I guess firstly you would have to prove that given three points, only a single parabola passes through all three, but judging by the fact that a single line passes through two points, and a single horizontal line passes through one point, I would say that a single parabola passes through 3 points.

Anyways, setting that proof aside for now, can anyone think of a way you could do this? I was looking into the standard and general form of a parabola but those forms don't account for a slanted axis of symmetry, which would in general be required to plot most parabolas.

You are correct in that three points would would uniquely define a parabola of the type

y = Ax^2 + Bx + C

because there are three constants that need to be defined.

If you have three points that you know are on the parabola (x1,y1) (x2,y2) and(x3,y3) you should be able to solve for your unknown constants A, B, and C in terms of the coordinates of your three known points.

You start with three equations (one for each of your known points) and three unknowns (A,B, and C) and solve for your unknwowns.

I've never seen this done before and I'm not sure why you would do it. Even using a matrix to solve this would get rather messy.

As you said, this would not take into account parabolas that have an axis of symetry that is not parallel to the y axis.

I don't think it is even true that every 3 points determine a unique parabola. I think you need 4 points. If you're given that the axis of symmetry is parallel to the y-axis, then you might get away with 3 points in most cases.

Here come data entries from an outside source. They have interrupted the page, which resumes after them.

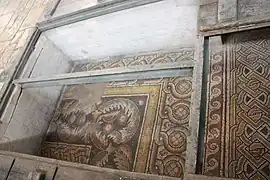 Mosaïques du sol du IVe siècle.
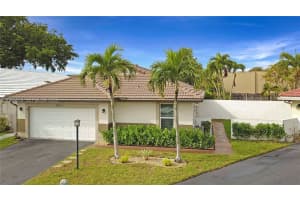 MLS# A11964976, Davie, Florida 33331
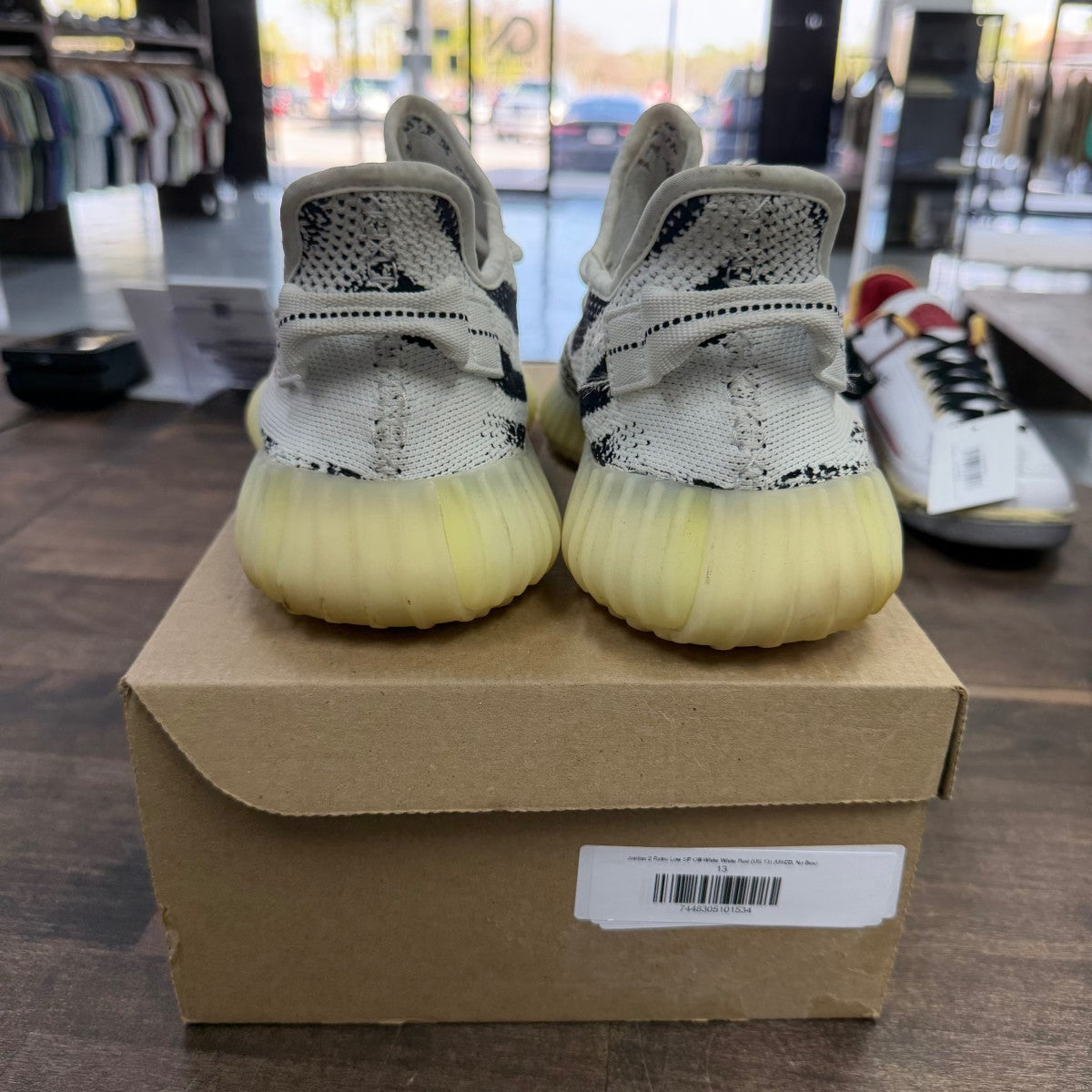 adidas Yeezy Boost 350 V2 Zebra Size 11 (Pre-Owned) - Image 3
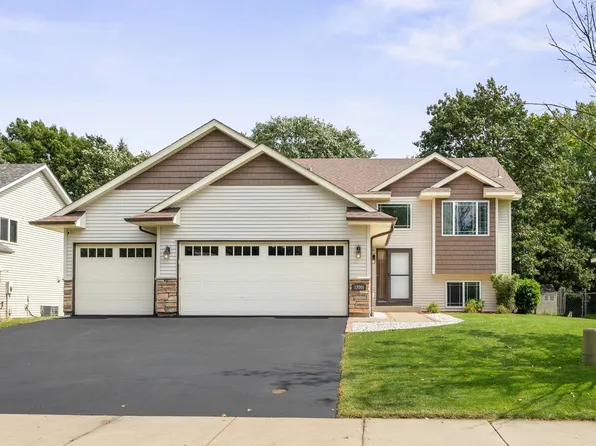 13001 Van Buren St NE, Blaine, MN 55434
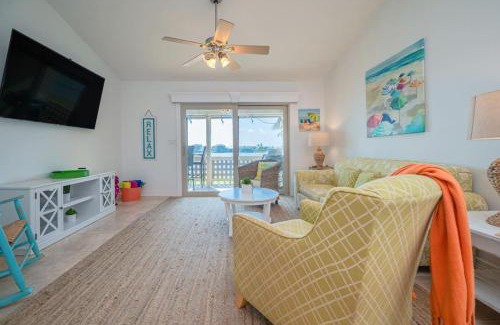 Harbor Oaks Casa | Simply Wonderful Condo with Bayview Private Pier and Pools
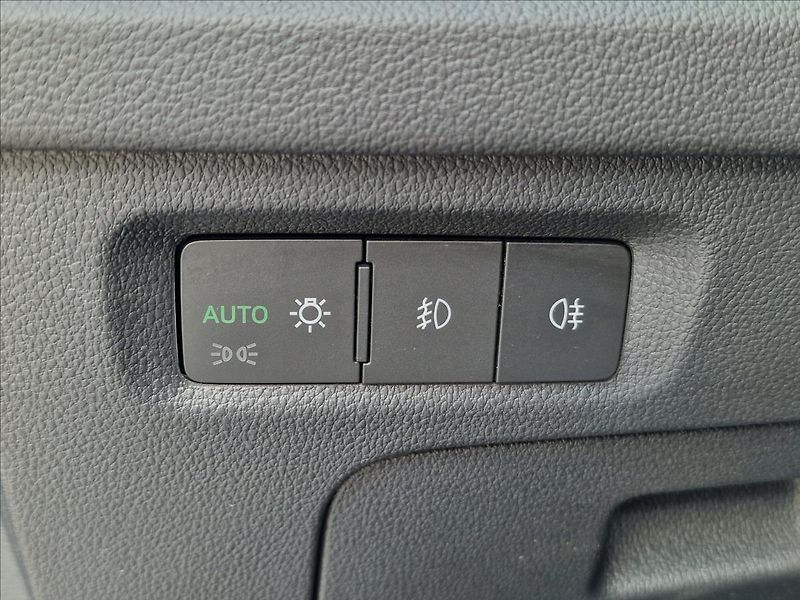 Škoda Octavia 2.0 TDI Style Combi,ČR,1.Maj. - fotka 38 z 49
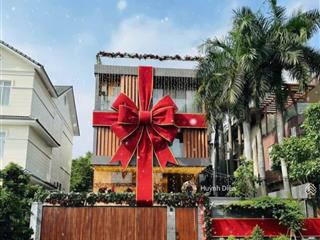 Biệt thự compound thảo điền  dt 15x25m  3 tầng áp mái có hồ bơi + sân vườn chủ định cư chốt 85 tỷ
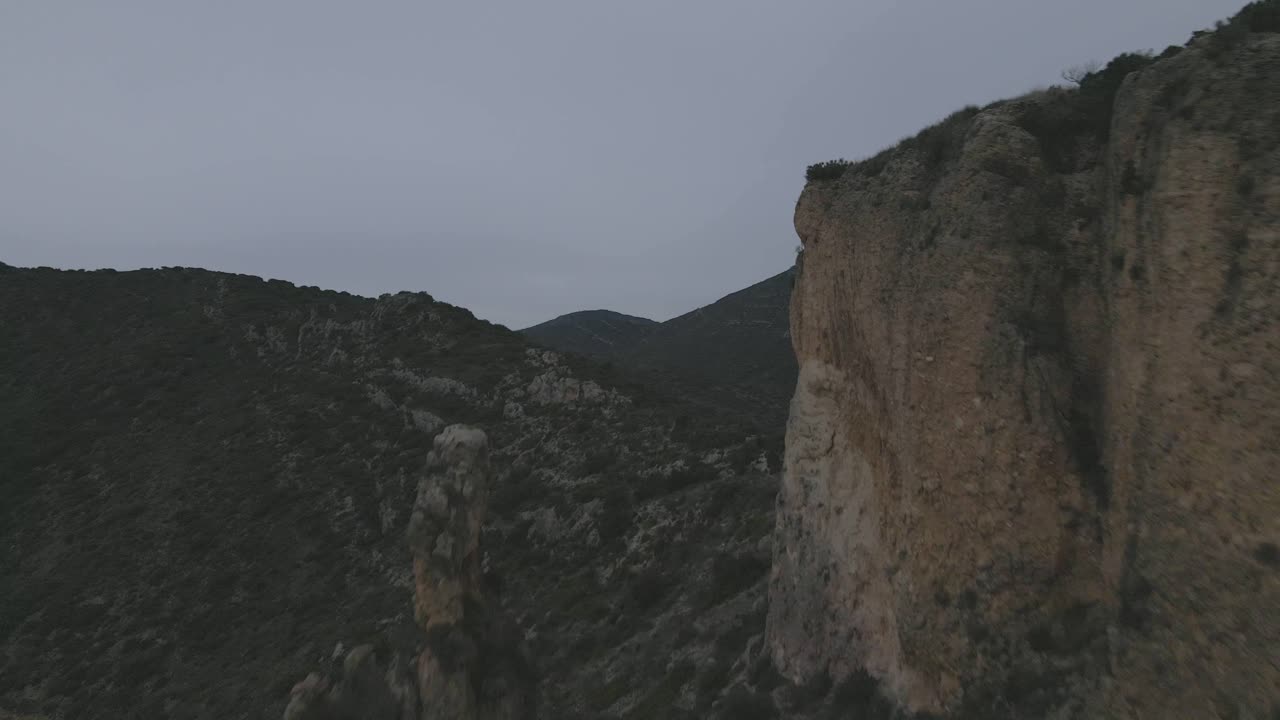 vuela sobre las montañas de sant llorenç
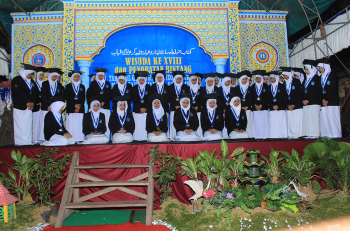 Wisuda PPIQ Puteri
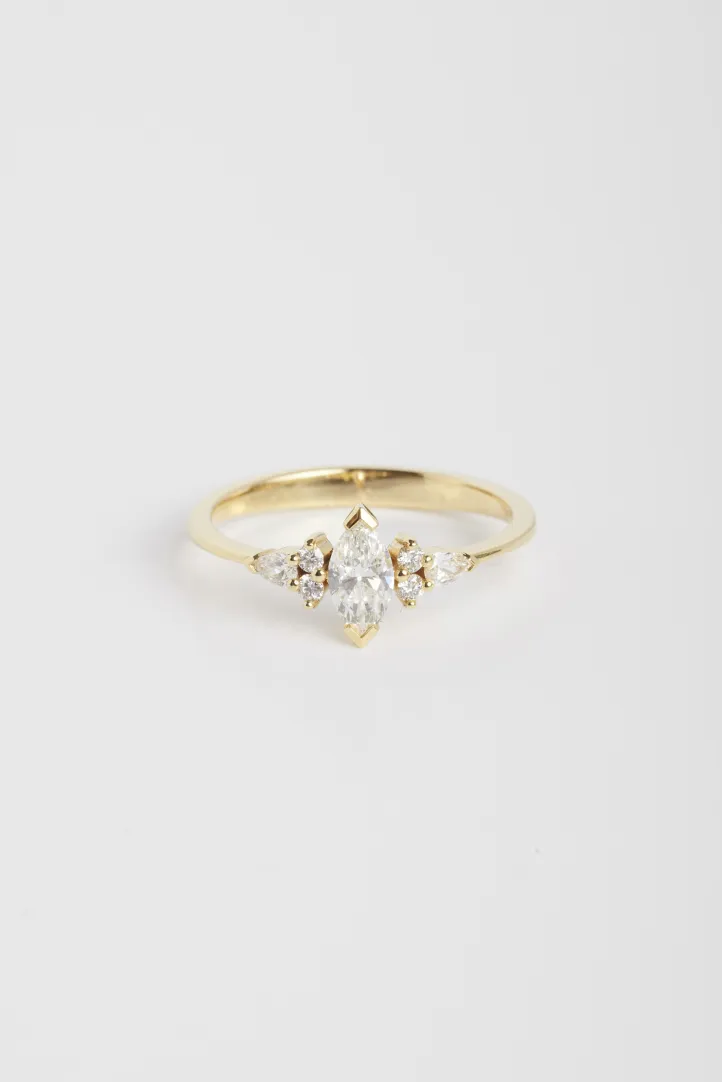 Ring Anne S in yellow gold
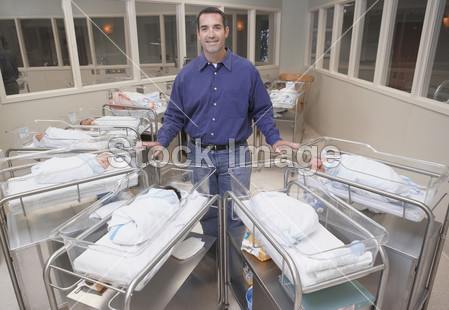 新父亲与婴儿在医院育婴室图片素材(图片编号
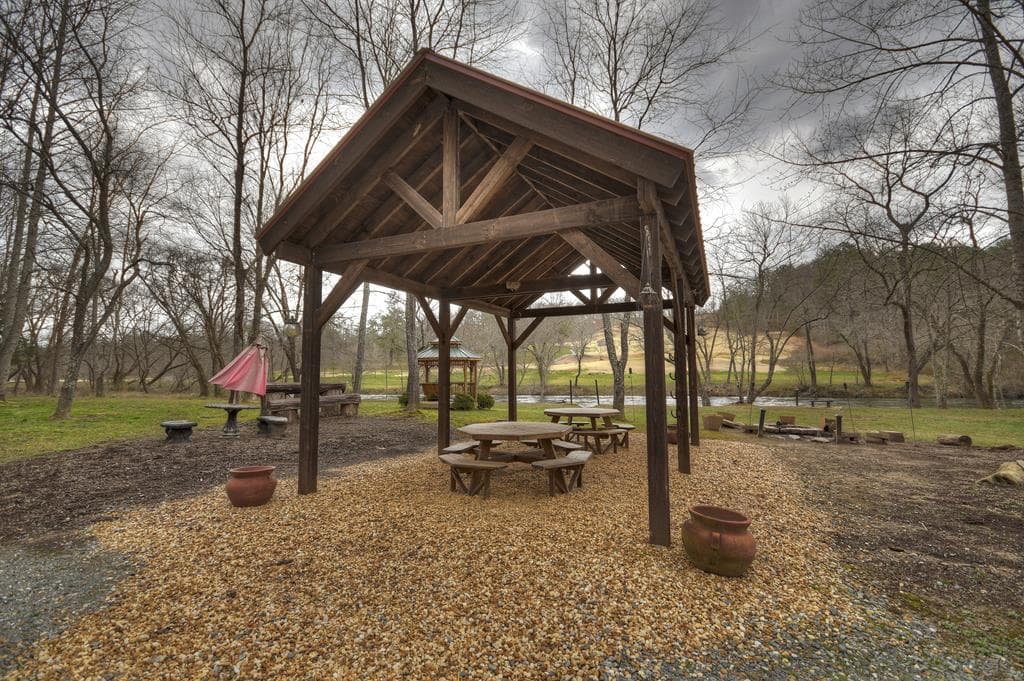 389 Toccoa Preserve Lane, Blue Ridge GA 30513 - Photo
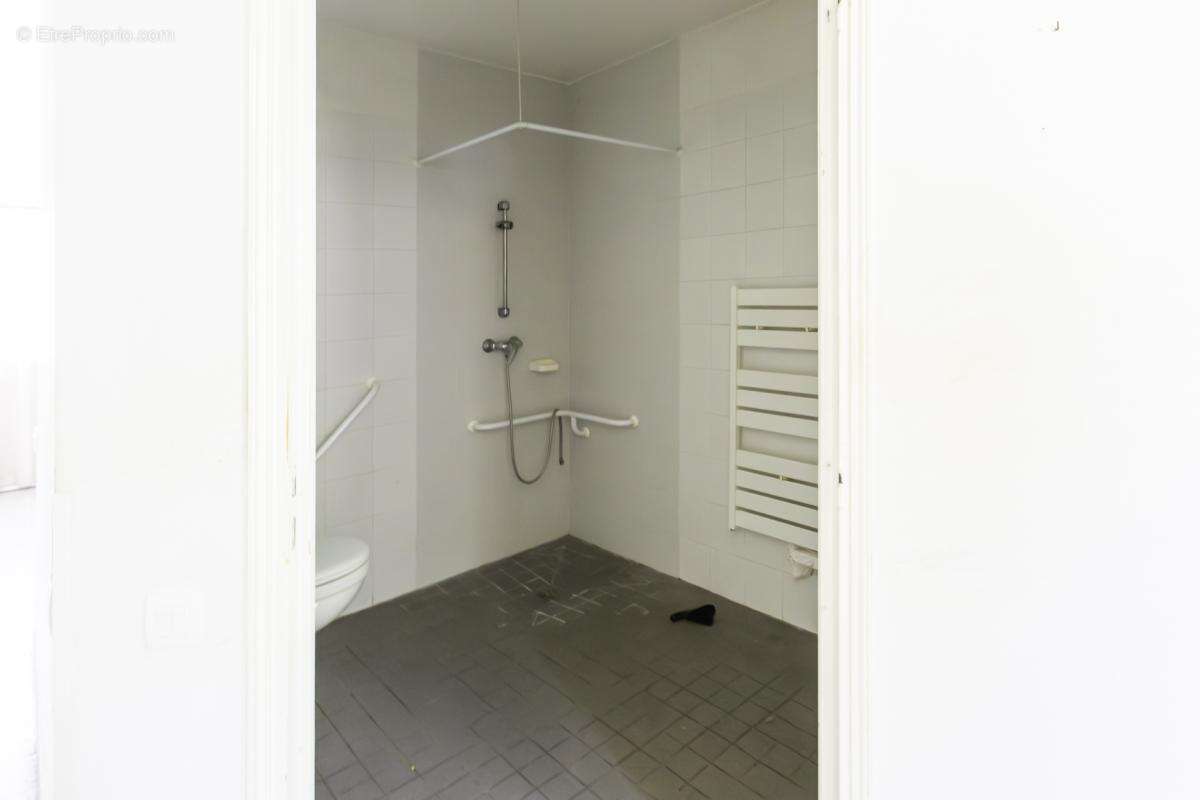Appartement - 29 m² - Antibes (06) - photo 9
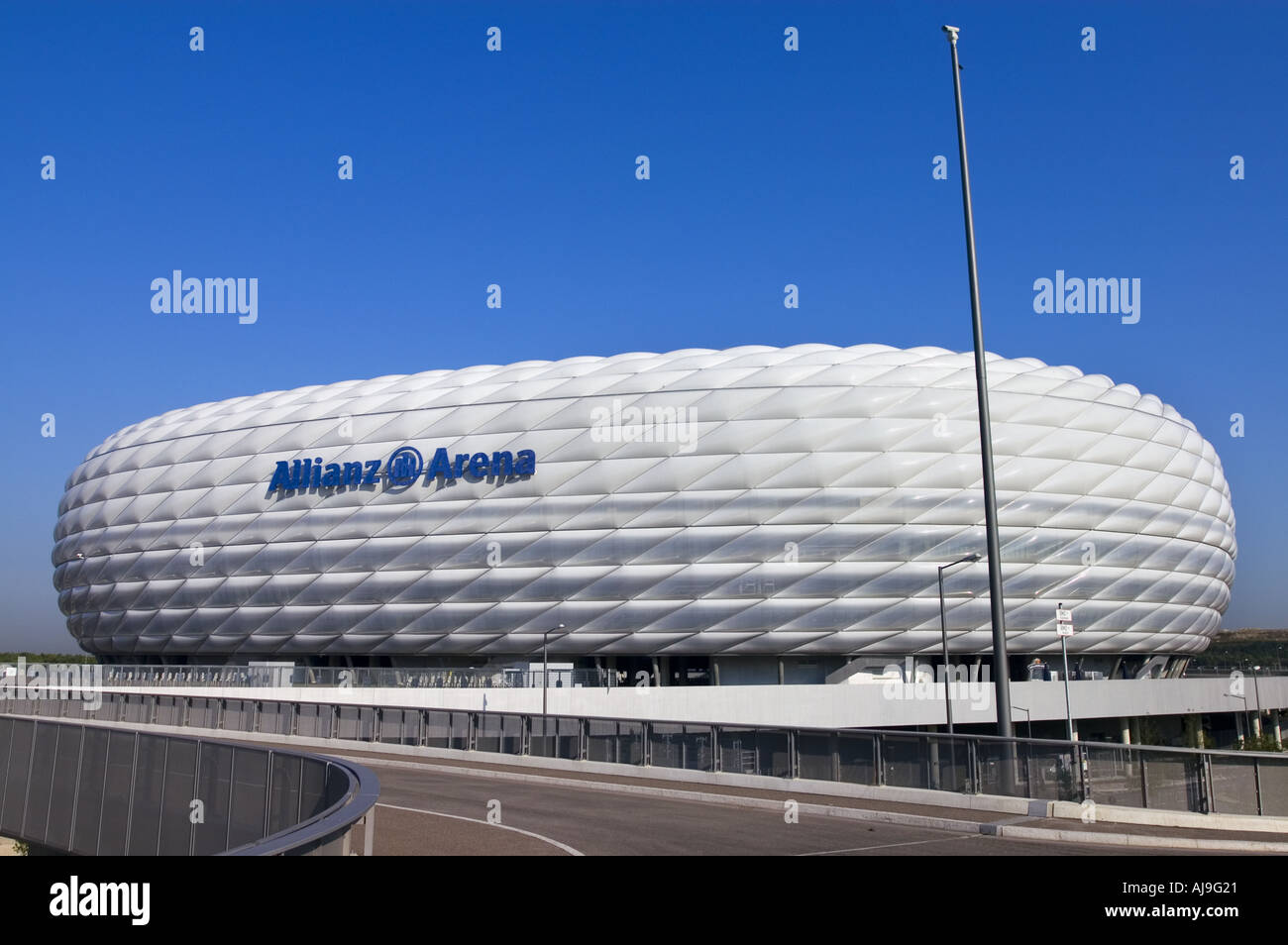 Il famoso stadio Allianz Arena lo stadio di Bayern Munchen Club Foto Stock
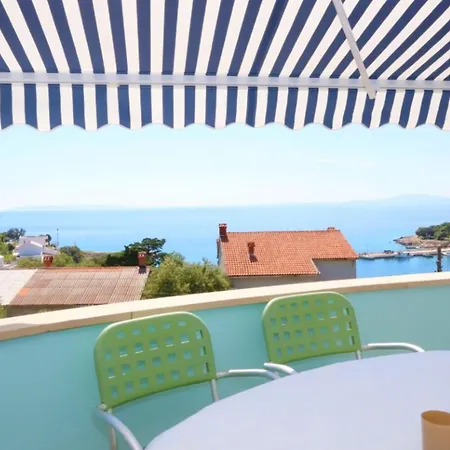 Comfort Delminium With Sea View *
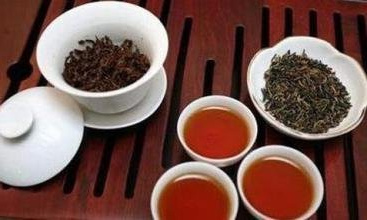 通过对比了解普洱茶与白茶的优劣及品味差异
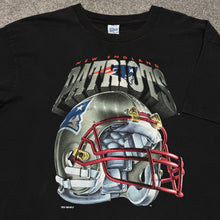 Load image into Gallery viewer, Vintage 1994 New England Patriots Salem Sportswear Shirt XL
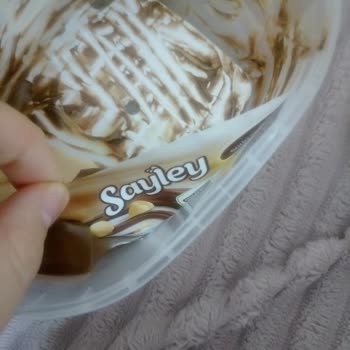 BİM Sayley Çikolata İçinde Plastik Etiket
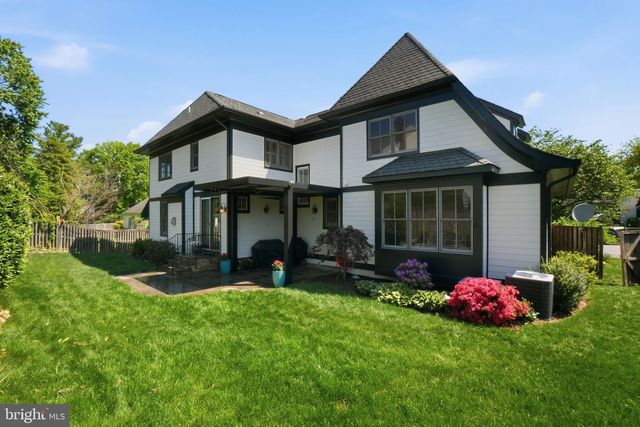 2808 JOHN MARSHALL DR, Arlington, VA 22207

Anyway, a general conic section is given by either

$$Ax^2+Bxy+Cy^2+Dx+Ey+F=0$$

This is a parabola if $B^2=4AC$.

Assume that $A\neq 0$, the A=0 case is very similar. We can assume without loss of generality that A=1. So we have that $C=B^2/4$. So we have the equation

$$x^2+Bxy+\frac{B^2}{4}y^2+Dx+Ey+F=0$$

Assume now that we want a parabola through (0,0), (1,0) and (0,1), then the following system must be satisfied:

$$\left\{\begin{array}{l} F=0\\ 1+D+F=0\\ \frac{B^2}{4}+E+F=0 \end{array}\right.$$

This gets us F=0, D=-1 and $E=-\frac{B^2}{4}$. So the parabola through those three points must have the form

$$x^2+Bxy+\frac{B^2}{4}y^2-x-\frac{B^2}{4}y=0$$

As you see, this is not uniquely determined. For every choice of B, there is a parabola.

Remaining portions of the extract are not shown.